On June 20, 1997, the broadcaster launched the website www.tvpontanegra.com.br, being one of the first TV stations to have a website in the country. On December 22, 1998, the owner and founder of the station, Carlos Alberto de Sousa, died as a result of leukemia. His wife, Miriam de Sousa, together with his daughters Micarla and Priscila, took control of the station and the Ponta Negra Communication System. In 1999, Jornal do Dia debuted, a news program that airs on the station's afternoons.

In 2000, Aqui Agora gave way to the journalistic 60 Minutos. At the same time, the entertainment program Mais debuted.

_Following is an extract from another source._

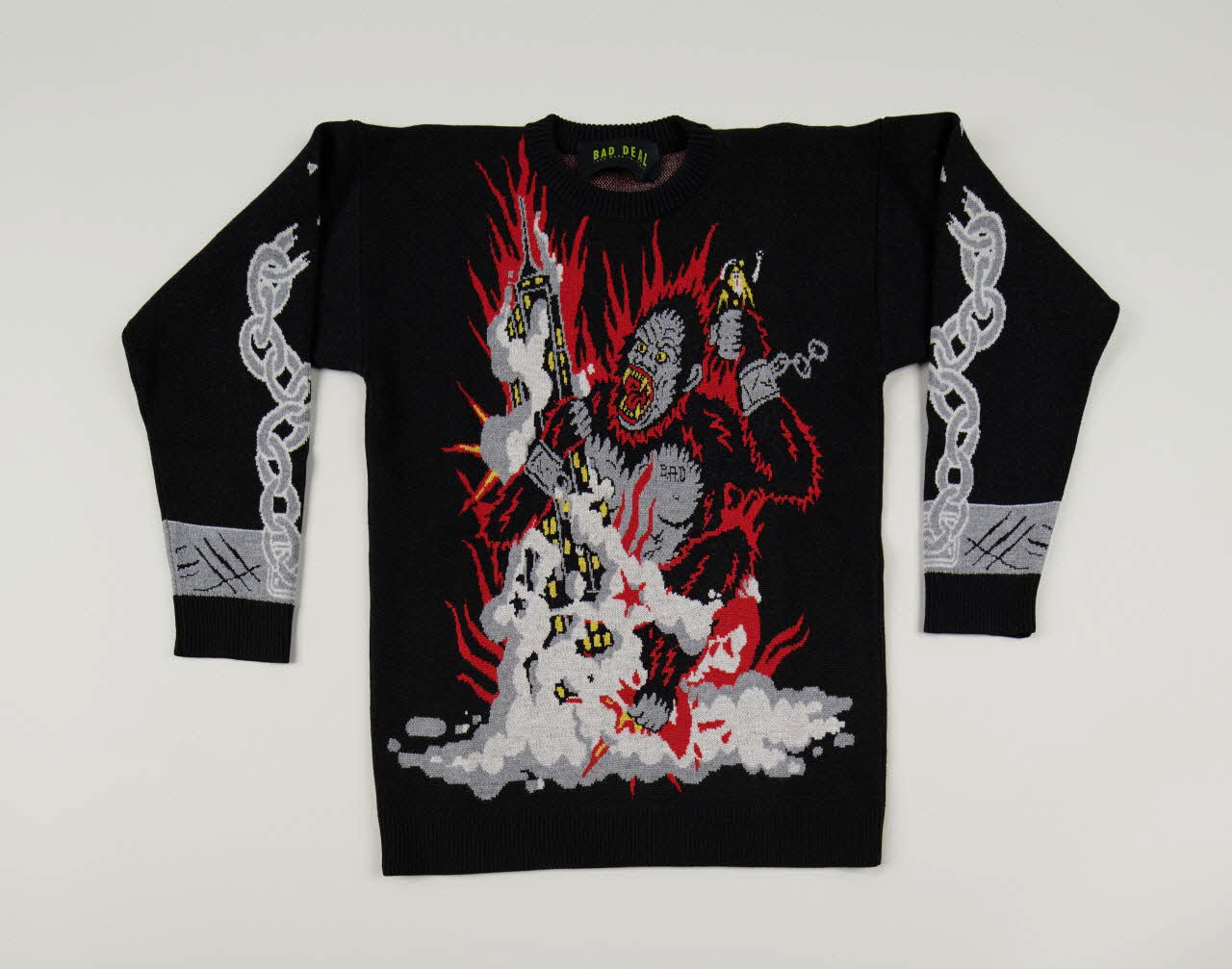 Zoow24 ; Bad Deal pull-over Pull-over "Bad King Gorilla" Lombardie, Italie 2015 2020.22.54.2 Photo Mucem / Marianne Kuhn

In 2006, Patrulha Policia changed its name to Patrulha da Cidade. According to a survey carried out by IBOPE in September 2011, between the hours of 12pm and 2pm, TV Ponta Negra began to lead the audience on Grande Natal. During the day, the broadcaster beat InterTV Cabugi, the local TV Globo affiliate, several times.

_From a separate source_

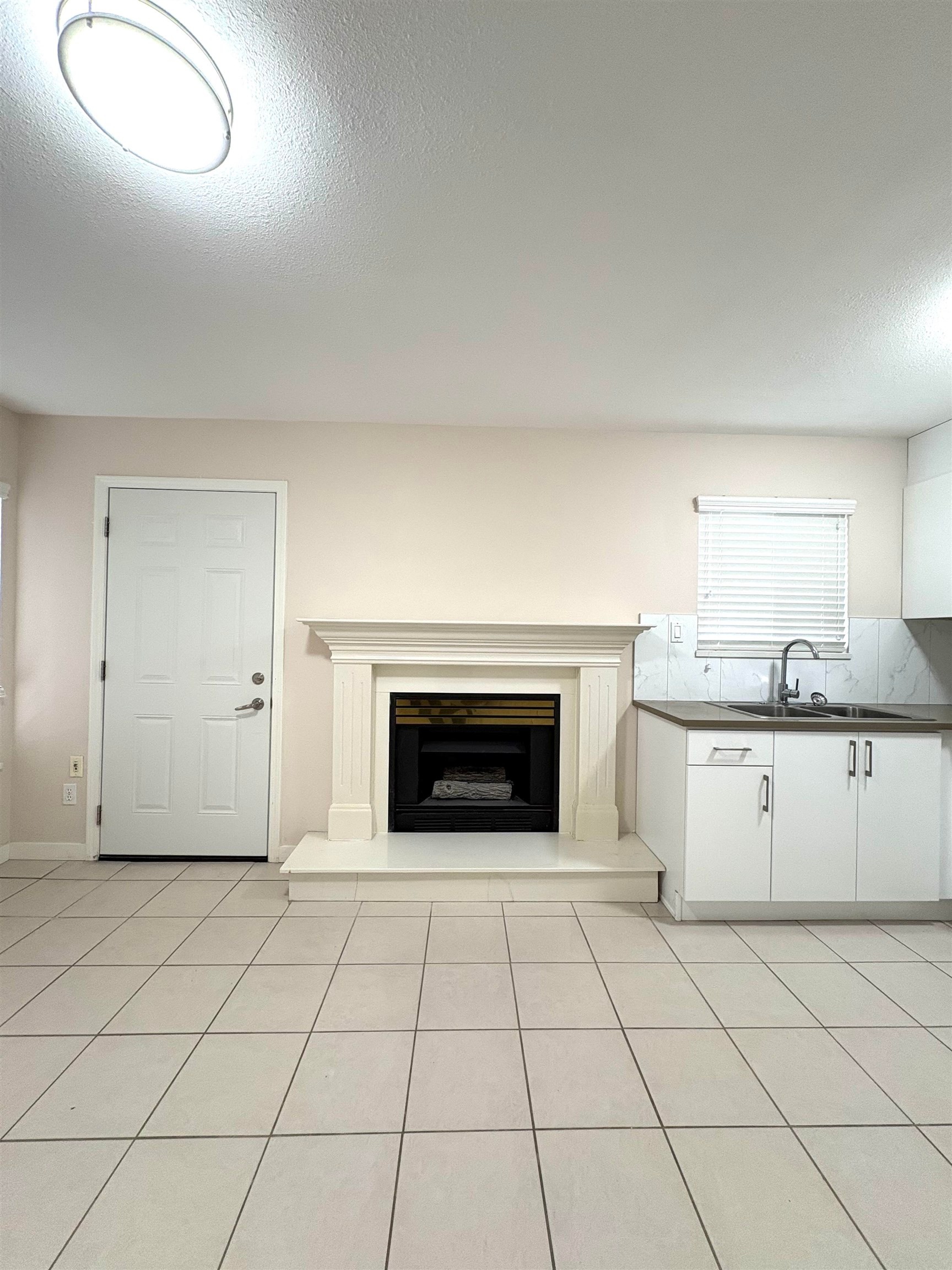 4156 Cambridge Street, Burnaby, BC - Indoor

On January 27, 2014, Cearese group Hapvida purchased 51% of the shares of TV Ponta Negra, for an estimated value of R$20 million. According to specialized websites, SBT also entered the business by purchasing 15% of the shares, while Fernando Eugênio (former superintendent of the station) would keep 5%. Its acquisition was the starting point of Sistema Opinião de Comunicação.

With it, there was the modernization of several of its equipment, as well as the implementation of the digital signal of TV Ponta Negra, which was one of the only major TV channels in the city of Natal that did not yet provide a digital signal at the time. The first changes began in 2014, with the acquisition of portable equipment to make it possible to hold live external events, and with the launch of the digital signal on June 25.

In October 2017, TV Ponta Negra again announced leadership in audience in the 12pm-2pm range in Rio Grande do Norte. This was accompanied by a series of changes at the station, including the return of Priscila de Sousa to Tudo de Bom and the change of all program sets, graphic packages and bumpers. In November, the hiring of Vanessa Florêncio, formerly of TV Manaíra, was announced to reinforce the channel's sports journalism.

In January 2021, Sistema Opinião de Comunicação left control of TV Ponta Negra, and resold the 51% of the shares it owned to Sistema Ponta Negra de Comunicação, which now holds controlling interest in the broadcaster again. The information was confirmed on January 12th through a note sent to the market. On March 28, 2022, in celebration of its 35th anniversary, the station reformulated its daily programming, with successful names returning to present its programs, such as Lídia Pace and Micarla de Sousa.

==Technical information==

| Virtual channel | Digital channel | Screen | Content |
|---|---|---|---|
| 36.1 | 13 UHF | 1080i | TV Ponta Negra/SBT's main schedule |

The station began its digital transmissions on June 25, 2014, through channel 36 UHF for Natal and nearby areas. On March 26, 2018, the station began broadcasting its programming in high definition.

===Analog-to-digital conversion===
The station closed its analog signal on VHF channel 13 on May 30, 2018, following the official ANATEL roadmap.